I am writing this with singleplayer games in mind, for various reasons this won't directly apply to multiplayer games. Keep that in mind.
Games are a process. As you play something and improve at it, your relationship changes. Both you and the game go through different phases which never linearly build on each other. Rather, different parts of the whole get emphasized or diminished. IMO, it's very useful to see these phases as somewhat distinct sub-games (& player types) which exist in a state of tension/contradiction.
Usually these phases are split into 3-ish categories that correspond to a player's skill level - beginner, intermediate and expert. Let's say that beginners are figuring out the game and cannot play with intentionality - they are concerned with learning. Intermediate players can play with intentionality and start applying what they've learned. Expert players start thinking of games in a more holistic, meta level and are concerned with creative solutions + optimization.
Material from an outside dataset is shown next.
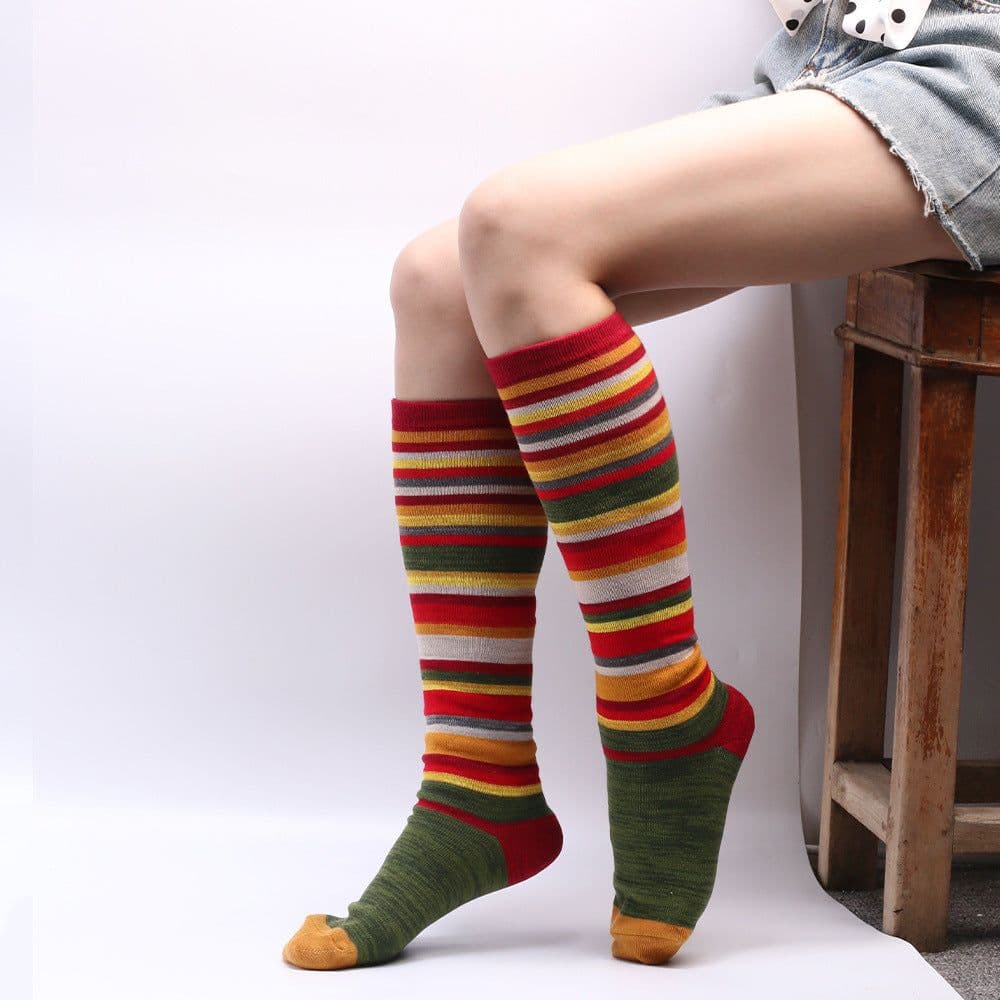image-Popular New Halloween Colorful Striped Stockings For Women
While these phases are already helpful because they let devs figure out how to make the best subgame for each of the phases, looking at how these stages conflict is even more interesting. To demonstrate this, let me focus on a particular contradiction between intermediate and high level players - that of RNG-driven decision making and optimization.
When looked at in the context of optimization (speedruns, scoreplay) game decision making is a bell curve. At low levels of optimization, all game states are viable but none of them "weigh" much - so while there is choice, there's not enough conflict to create meaningful decision making. As a game gets more optimized, the states start to fatten up - suddenly choices mean something and players have to think. When the game's optimization surpasses a certain threshold, though, some states become too thick and start breaking the scales - decision making gets diminished because the suboptimal choices are obvious.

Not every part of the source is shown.